Some readers will know the story Bob Wilber told, of Eddie Condon coming into
his club when Bob was practicing and urging him to "make some mistakes!"
And Albert McCarthy said long ago that in trying to produce some Mainstream
recordings c. 1960 he found it difficult to get some veteran musicians to play
things not tailored toward a mass market sub-version of music. Not so long ago
when I picked up some cheapo Harry James for 29 cents (Euro) per CD I was
appalled by the excruciating schmaltz into which some tracks descended. There
were also some fine things with Willie Smith, and James himself, and others, but
I couldn't believe the strength of saccharinity.

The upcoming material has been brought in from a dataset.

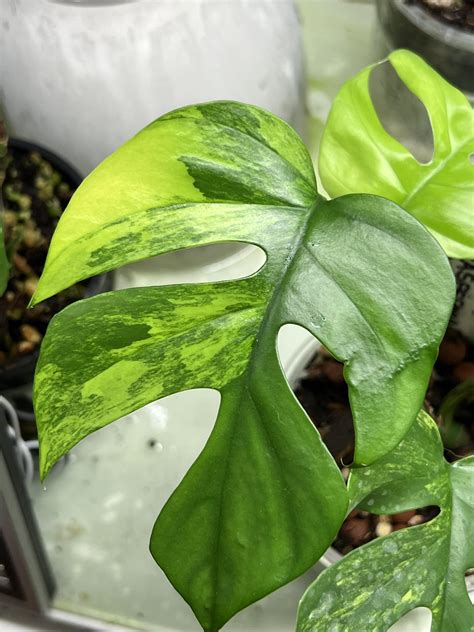 Gold Coast Rare Plants - Sales | Willowvale QLD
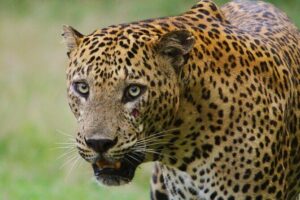 Yala safari Tours Morning /Afternoon /Fullday - The Jeep setup and guide-tracker role: what that really means for you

The opposite extreme is of course the Don Ewell band on the Delmark CD with the
too nearly entirely legendary St. Louis trumpeter Dewey Jackson, and issued
under Jackson's name. That was a live set performed for teenagers in 1951 and
seriously wild. I'm not sure about the story Miles Davis's middle name Dewey
came from Jackson, but like Clark Terry and Joe Thomas he certainly knew Jackson
-- whose flowing style was fine playing the fancy clarinet passage in High
Society but not suited to an economic stock dixieland lead. He was probably too
idiosyncratic for the commercial dixieland some commercial record producers had
in mind. He was a stylist absolutely.